In other respects, though, Stanley Odd’s distinctive ensemble dynamic does again cast them as relative outsiders in hip-hop terms – a relationship Hook is happy to embrace as a mutually admiring one. “I think it’s pretty healthy both ways,” he says. “We get a lot of nice feedback on what we do, and I see a lot of really, really talented guys making hip-hop in Scotland, especially since battle rap took off up here: it’s not something I’m personally involved in, what with writing for the band – I’d need all my time to get anywhere near these guys’ level – but there are some fantastic lyricists coming out of it.”
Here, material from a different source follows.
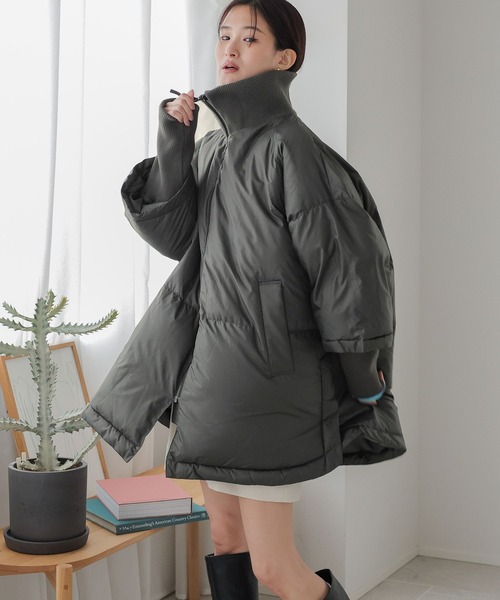 ローリーズファーム ブルゾン タグ付き LOWRYS FARM（ローリーズファーム） ブルゾン FREE チャコールグレー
Working as a live band also opens up more varied performance opportunities, as highlighted by the range of venues and festivals where Stanley Odd have wowed the crowds. These extend well beyond the club scene - even reaching as far as the more adventurous elements of the folk community. “Doing festivals like Celtic Connections and the Insider, we’ve played to a lot of people who really aren’t hip-hop fans at all, but we’ve found those audiences really welcoming,” Hook says. “I guess if you listen to folk music, you’re used to tuning into words, and the political stuff seems to chime with people as well. We’ve also started talking to a few folk musicians about maybe doing some collaborative stuff in the future, bringing in aspects of Scottish music, which would be pretty exciting.”
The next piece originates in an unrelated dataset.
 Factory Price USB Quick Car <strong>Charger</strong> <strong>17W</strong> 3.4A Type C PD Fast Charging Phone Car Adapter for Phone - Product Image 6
Right now, though, there’s Reject to relish – and it’s more than plenty to be going on with. In amongst its rich, artfully crafted sonic tapestries, grandly stirring melodies and irresistibly inventive grooves, Solareye’s muse roams wider and deeper than ever, from the bitingly political to the nakedly personal, from wickedly scathing satire to dream-like poetic allegory, the state of the Union to the sensations of modern mental overload.
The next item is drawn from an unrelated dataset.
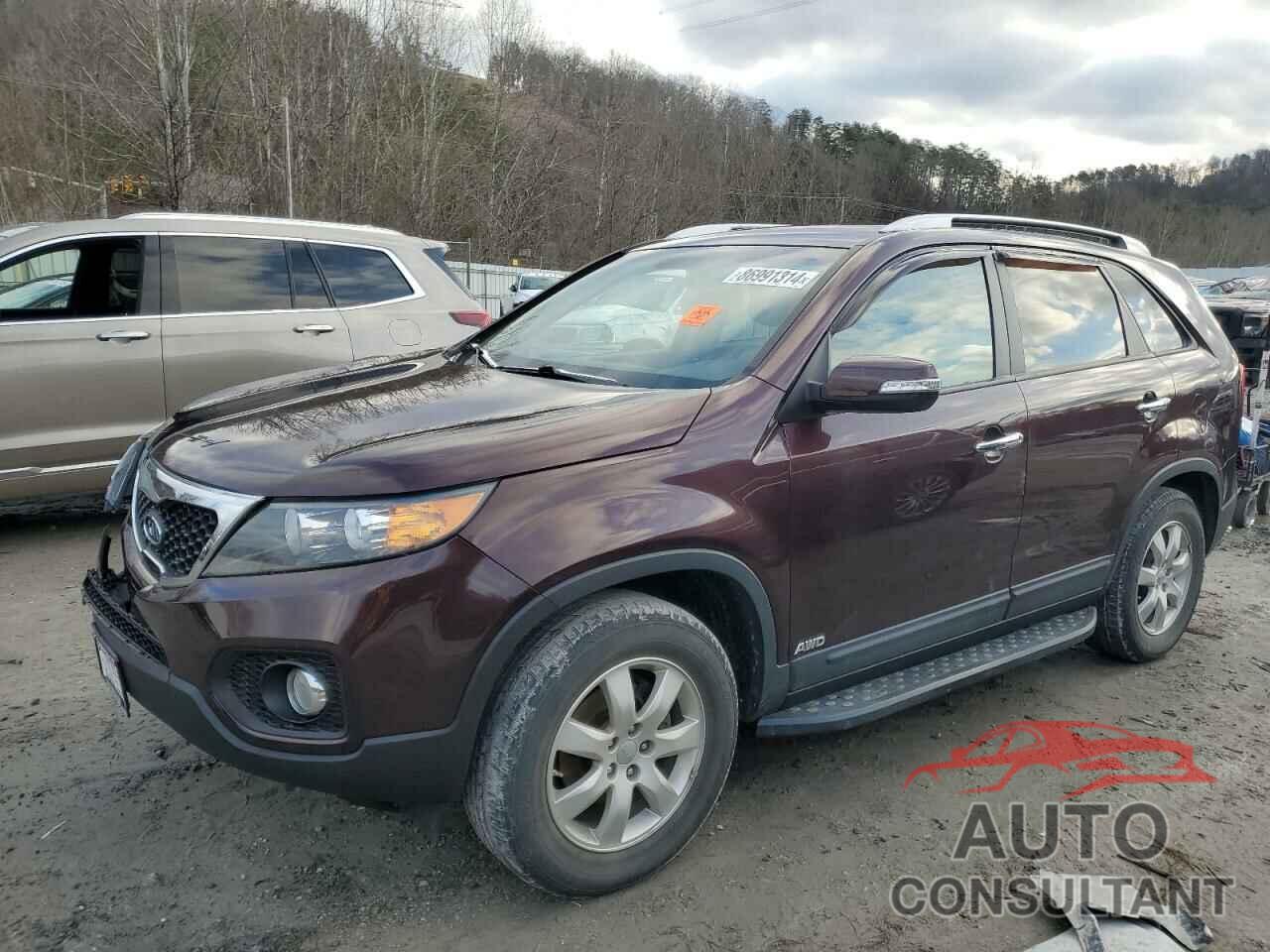 KIA SORENTO 2013 - 5XYKTCA64DG361896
“I definitely always want to be associated with protest song, with music that says something about what’s going on around us – and from our experience, there’s a real appetite for that kind of stuff just now,” Hook says. “But with the new album I’ve also been trying to make myself write about more personal and emotional subjects, rather than always taking an external perspective. It’s much harder and scarier than talking about current affairs – looking inside and writing about yourself, then sharing that with other people, but it’s another way to push myself to develop, and some of those songs have been getting the biggest reaction lately, when we’ve tried out the new stuff live.”

On the subject of recent gigs, and the state of the Union, the band were somewhat startled, following their triumphant set at 2012’s famously maverick Wickerman festival, to find their track ‘Winter of Discontent’ - an admittedly merciless dissection of the current UK regime, from the EP Pure Antihero Material - co-opted as a soundtrack by pro-independence websites. “I originally wrote it very specifically from an anti-Tory, anti-coalition perspective, and a lot of the English/Scottish stuff was meant to be quite tongue-in-cheek,” Hook explains, “but when I read back through the lyrics, I could totally see why people had interpreted it more broadly. As a band, though, first and foremost we’re pro-debate, rather than necessarily pro-independence. The key thing right now is that people get engaged in discussing the arguments - and then that they turn up and vote.”

Whatever Scotland’s future holds, Stanley Odd today rank among its most exciting, provocative and persuasive musical champions. Uniting the local with the global, the individual with the collective, Reject speaks from the heart in a proudly home-grown yet universal language of resistance, challenge and affirmation.